▶ _WHAT YOU NEED TO DO_: Line by line, return the listing exactly, without any of the images.

════════════════

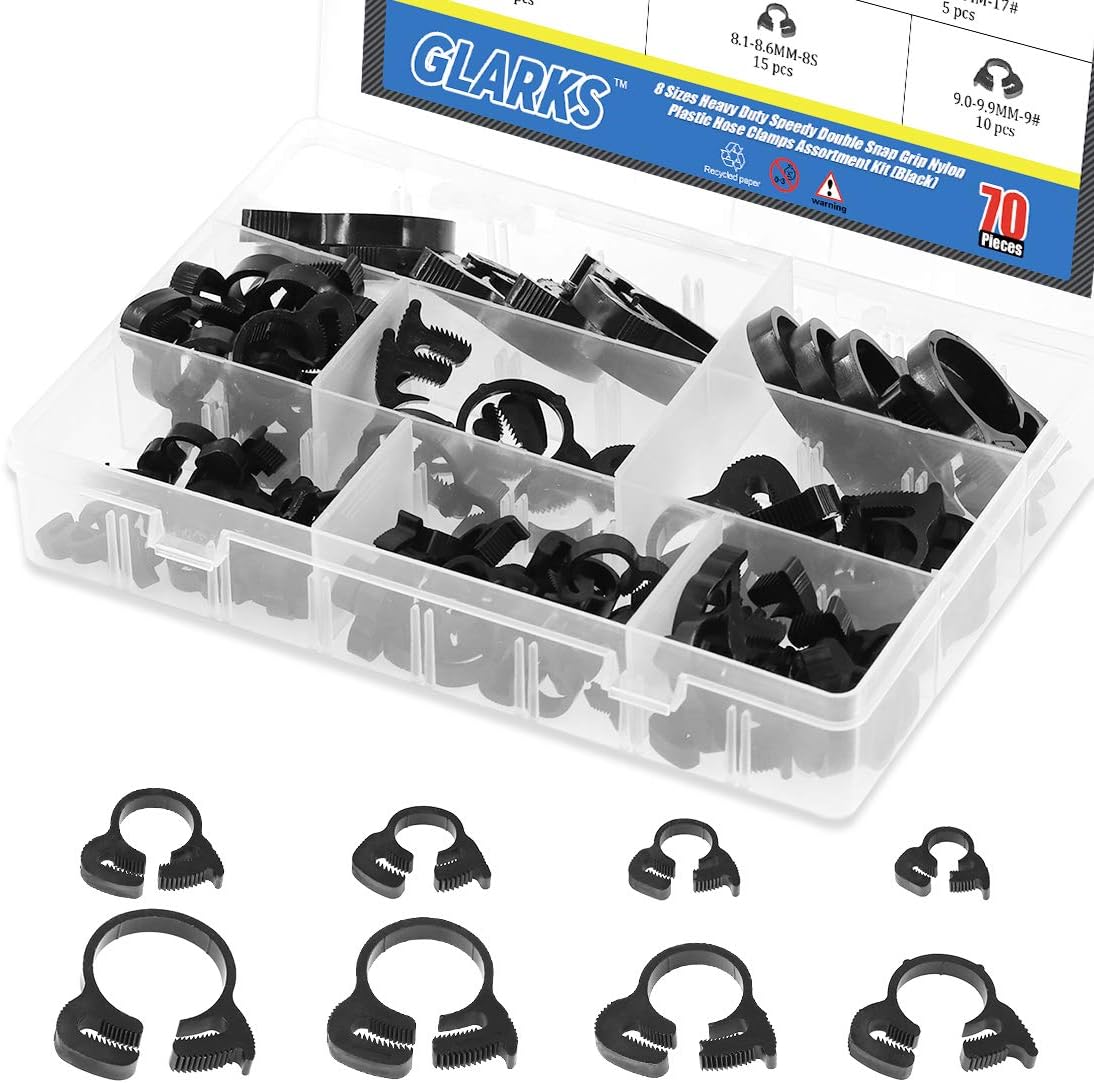 Glarks 70Pcs 8 Size Heavy Duty Black Double Gripping Nylon Hose Clamps Set, 6.6-27.2mm Plastic Snap Ratcheting Clamps Assortment Kit (Black 70Pcs)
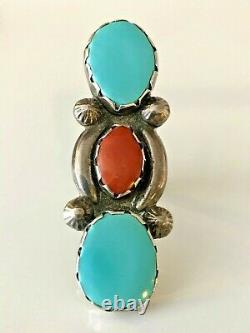 Vintage Sterling Silver LONG 2.25 Sleeping Beauty Turquoise & Coral Ring 925
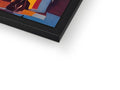 A picture frame with art hanging on it, containing a picture of an image.
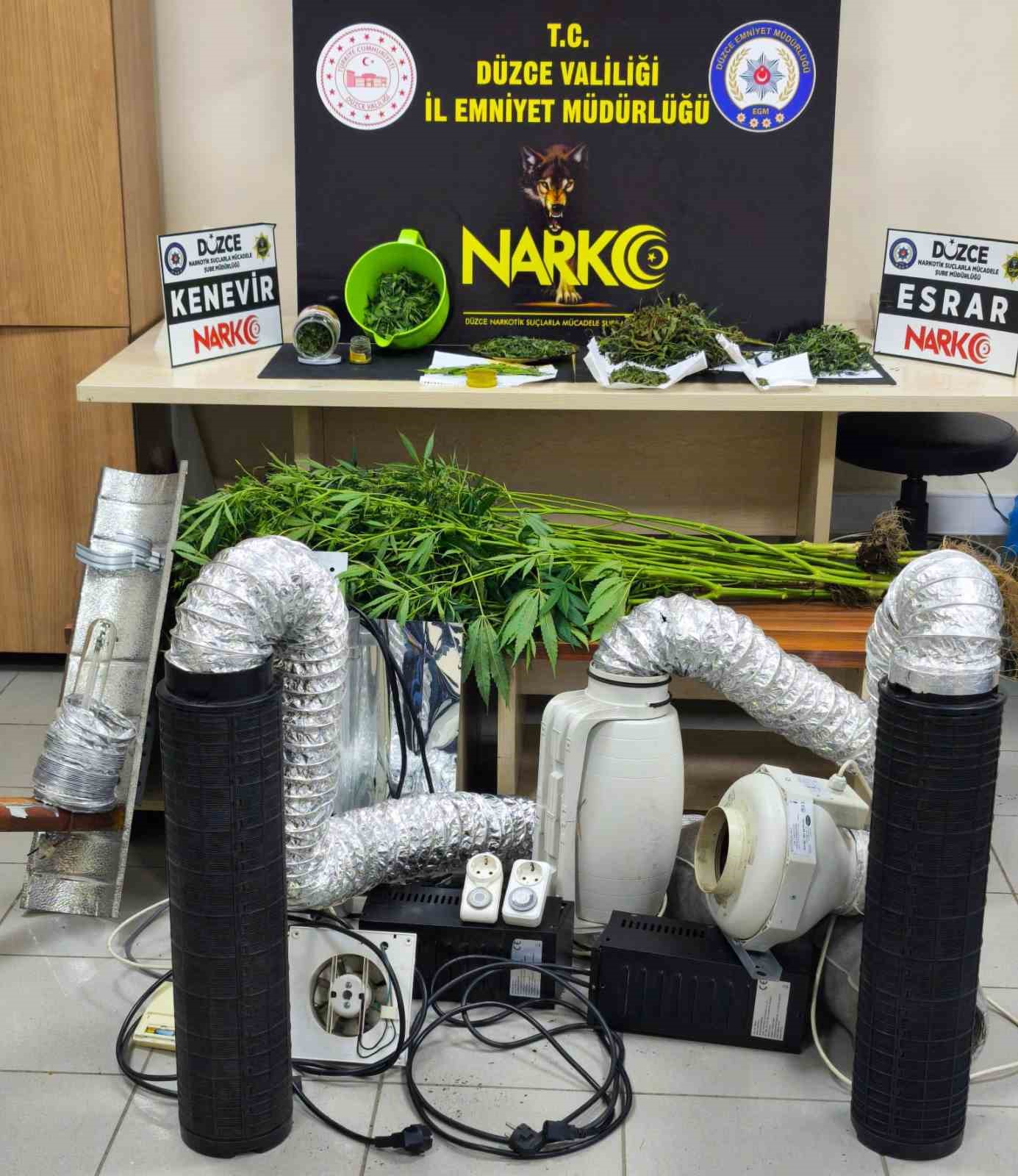 Düzce polisinden uyuşturucu baskını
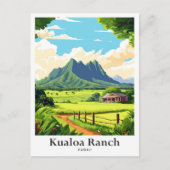 Kualoa Ranch Hawaii Travel Potrait Illustration Postkarte (Vorderseite)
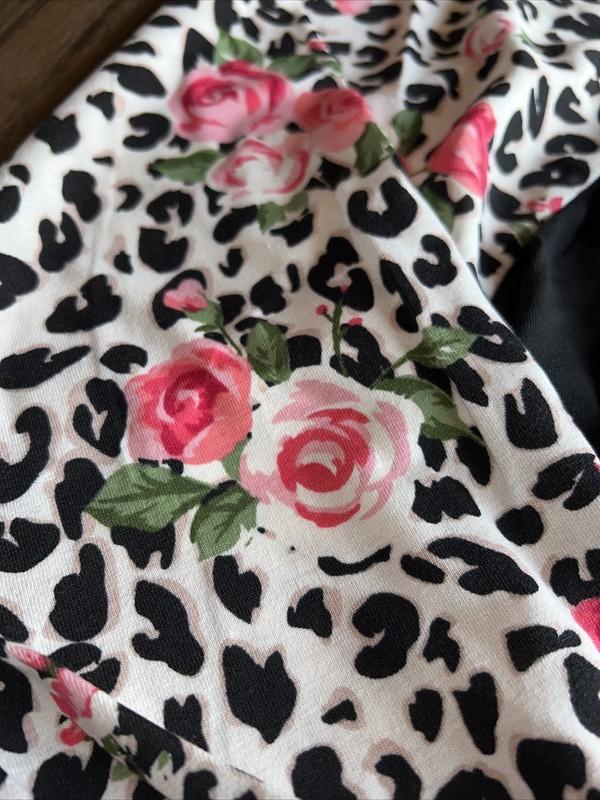 NWT Lularoe Black Animal Print Blush Roses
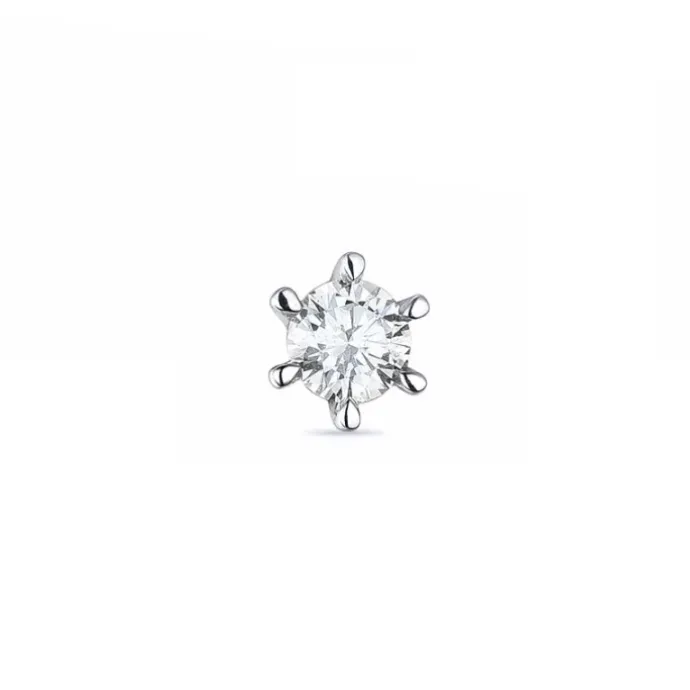 1 x 0,06 ct diamant solitaireørestik i 14 karat hvidguld med diamant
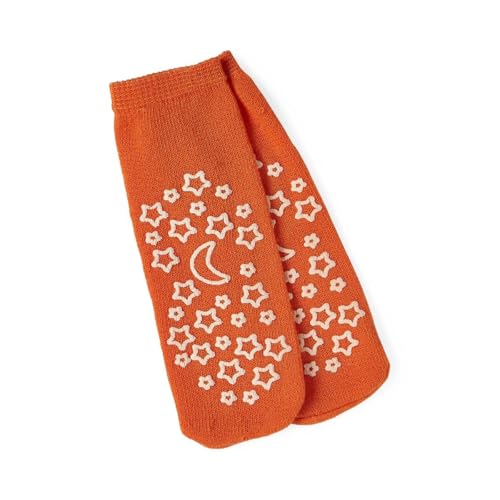 Medline Double-Tread Patient Slippers, Terry Inside, Glow-in-the-Dark Orange, Child, 48 Pairs per Case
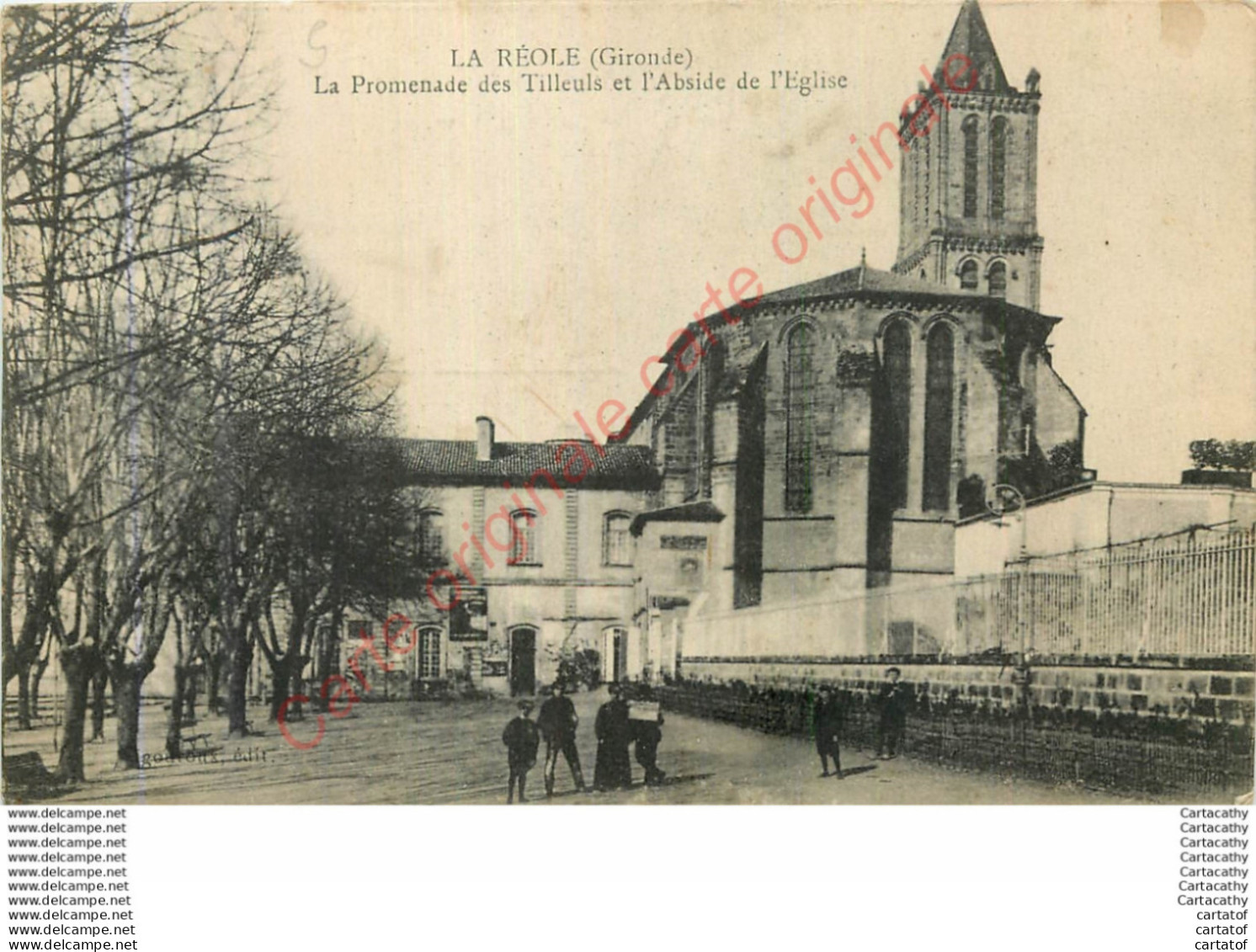 33.  LA REOLE .  La Promenade Des Tilleuls Et L'Abside De L'Eglise . - La Réole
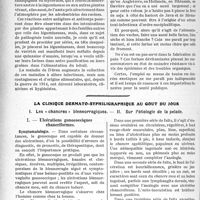 3787 - Page 3692 - Partie scientifique. Travaux Originaux. Clinique chirurgicale. De la maladie infectieuse de Duren (Rhénanie). des légumino-toxi-infections, par le Dr Albert Veillard / La clinique dermato-syphiligraphique au gout du jour. I. Les « chancres » blennorragiques. — II. Sur l’étiologie de la pelade. Ulcérations gonococciques chancriformes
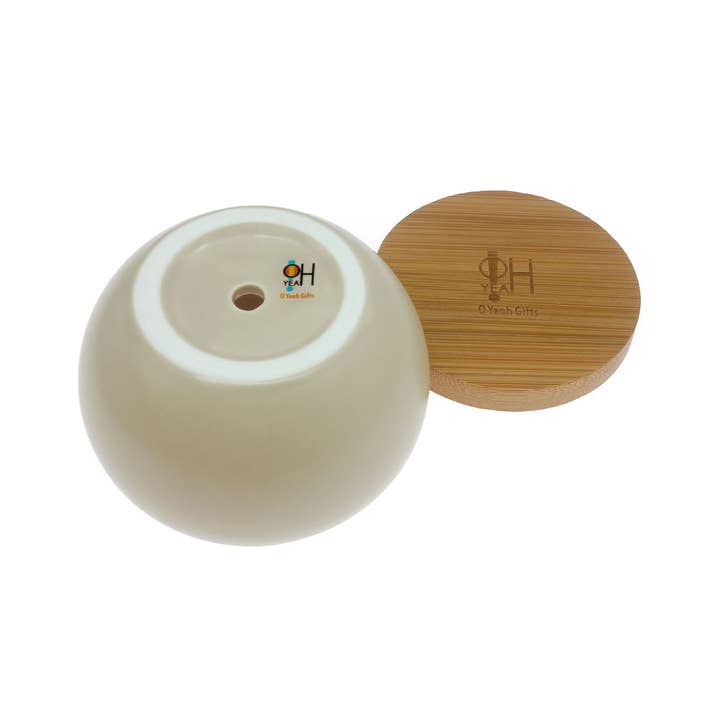 O Yeah Gifts - Wholesale Plant pot - Beige Ceramic Planter | 3.5" Round Pot with Bamboo Saucer1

════════════════

▶ _ANSWER AREA_:
 Glarks 70Pcs 8 Size Heavy Duty Black Double Gripping Nylon Hose Clamps Set, 6.6-27.2mm Plastic Snap Ratcheting Clamps Assortment Kit (Black 70Pcs)
 Vintage Sterling Silver LONG 2.25 Sleeping Beauty Turquoise & Coral Ring 925
 A picture frame with art hanging on it, containing a picture of an image.
 Düzce polisinden uyuşturucu baskını
 Kualoa Ranch Hawaii Travel Potrait Illustration Postkarte (Vorderseite)
 NWT Lularoe Black Animal Print Blush Roses
 1 x 0,06 ct diamant solitaireørestik i 14 karat hvidguld med diamant
 Medline Double-Tread Patient Slippers, Terry Inside, Glow-in-the-Dark Orange, Child, 48 Pairs per Case
 33.  LA REOLE .  La Promenade Des Tilleuls Et L'Abside De L'Eglise . - La Réole
 3787 - Page 3692 - Partie scientifique. Travaux Originaux. Clinique chirurgicale. De la maladie infectieuse de Duren (Rhénanie). des légumino-toxi-infections, par le Dr Albert Veillard / La clinique dermato-syphiligraphique au gout du jour. I. Les « chancres » blennorragiques. — II. Sur l’étiologie de la pelade. Ulcérations gonococciques chancriformes
 O Yeah Gifts - Wholesale Plant pot - Beige Ceramic Planter | 3.5" Round Pot with Bamboo Saucer1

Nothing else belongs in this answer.